• [EXTRACTED RECORDS]:
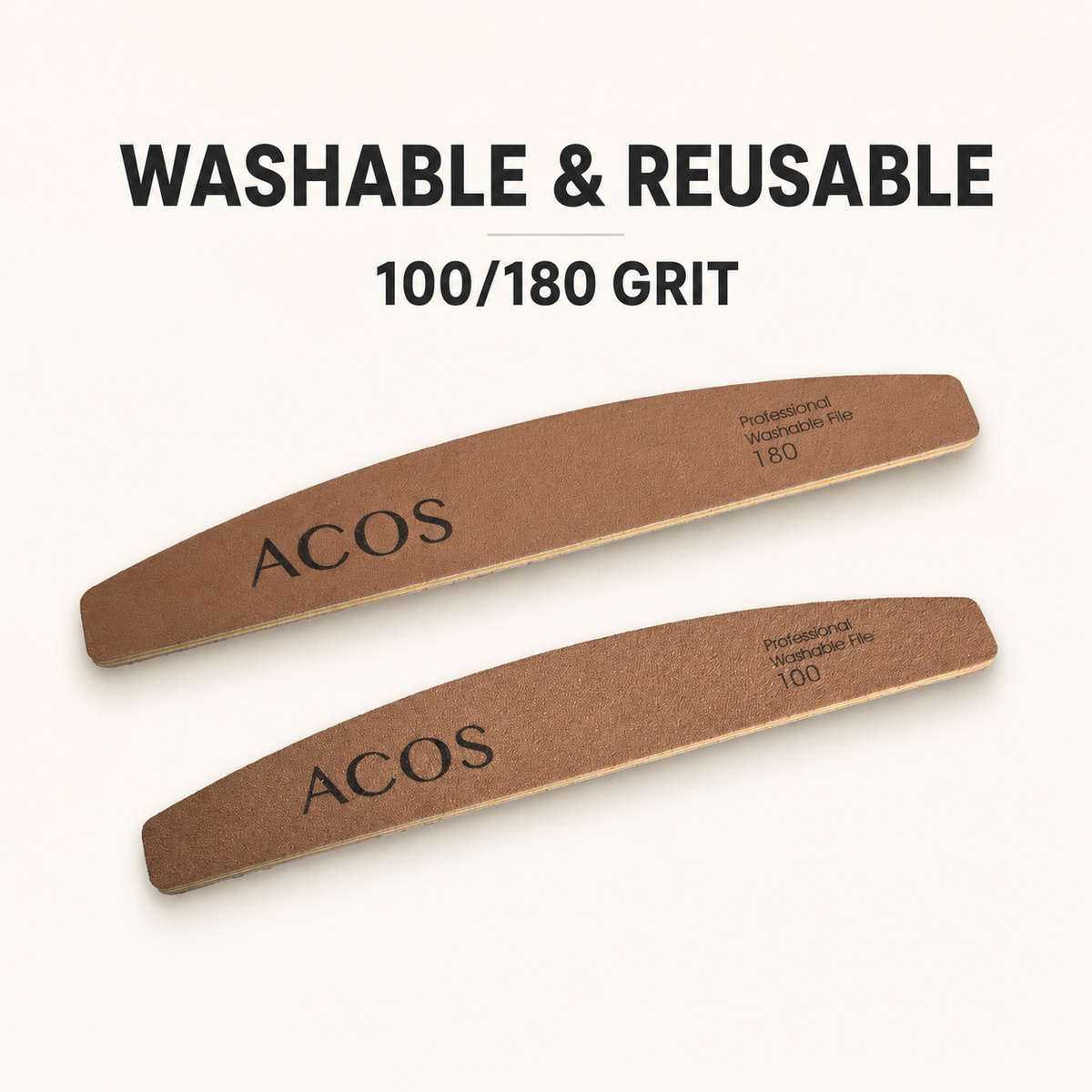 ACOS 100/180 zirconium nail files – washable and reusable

* * *

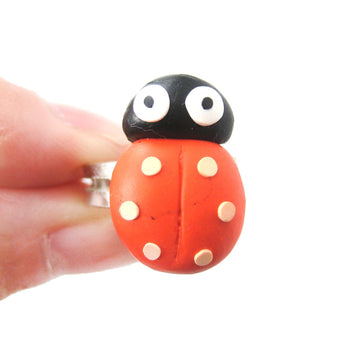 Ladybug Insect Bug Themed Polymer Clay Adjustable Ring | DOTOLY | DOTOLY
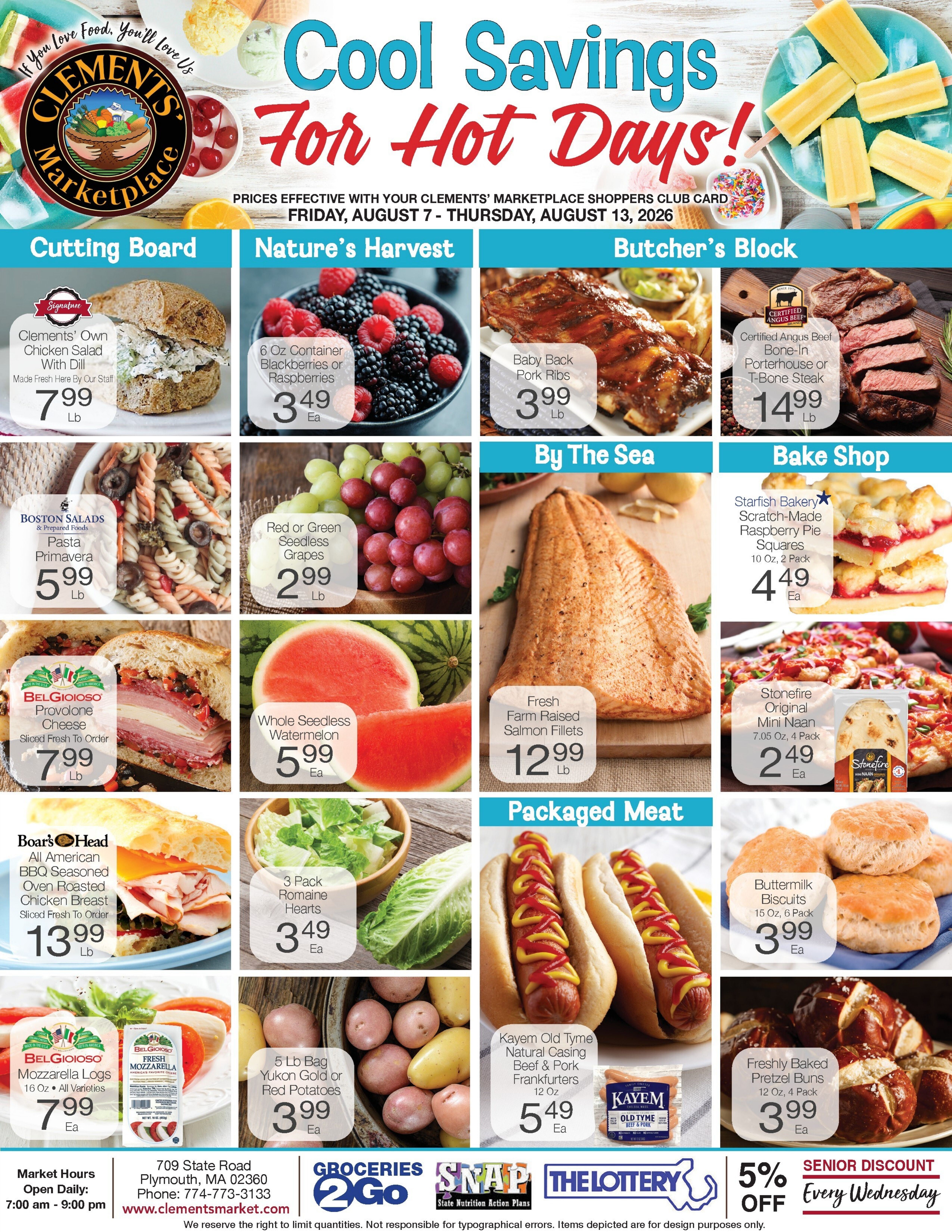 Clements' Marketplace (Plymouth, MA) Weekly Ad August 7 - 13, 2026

• [YOUR OBJECTIVE]: Look through the material above. Transcribe exactly the lines between the ones with "Ladybug Insect Bug" and "Clements' Marketplace (Plymouth, MA)", inclusive, and keep pictures out.

• [ANSWER TO THE EXERCISE]:
 Ladybug Insect Bug Themed Polymer Clay Adjustable Ring | DOTOLY | DOTOLY
 Clements' Marketplace (Plymouth, MA) Weekly Ad August 7 - 13, 2026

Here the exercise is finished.